W3C home > Mailing lists > Public > public-webauthn@w3.org > November 2018

[webauthn] Closed Pull Request: clarification of UP/UV flags in authenticator data structure

From: Emil Lundberg via GitHub <sysbot+gh@w3.org>
Date: Wed, 28 Nov 2018 18:28:59 +0000
To: public-webauthn@w3.org
Message-ID: <pull_request.closed-227455911-1543429738-sysbot+gh@w3.org>
emlun has just closed jericks-duo's pull request 1108 for https://github.com/w3c/webauthn:

== clarification of UP/UV flags in authenticator data structure ==
The User Presence (UP) and User Verification (UV) flags in the authenticator data structure (https://www.w3.org/TR/webauthn/#sec-authenticator-data) appear to have a similar purpose to the requireUserPresence and requireUserVerification input parameter booleans in the authenticatorMakeCredential operation. The requireUserPresence and requireUserVerification booleans are explicitly mutually exclusive -- if one is set the other must be unset. My understanding, after discussing the use case for the UP/UV flags, is that both MAY be set (i.e. not mutually exclusive). 
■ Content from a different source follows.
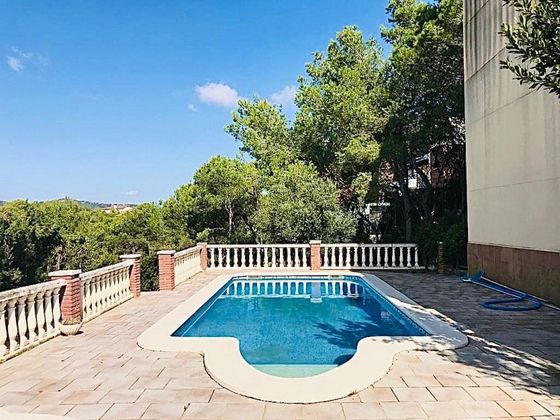 Foto 2 de Xalet en venda a Canyelles de 5 habitacions amb terrassa i piscina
Example: The relying party may specify that user presence is required, but the authenticator may physically perform a user verification operation. In this case, the relying party may end up checking the UP flag and not the UV flag, so it seems like the authenticator should set both flags, not just the UV flag.

Just wanted to clarify this in the doc as there may be the potential for confusion during implementation. Or alternately, if there is a reason they should be mutually exclusive, the spec should probably specify that.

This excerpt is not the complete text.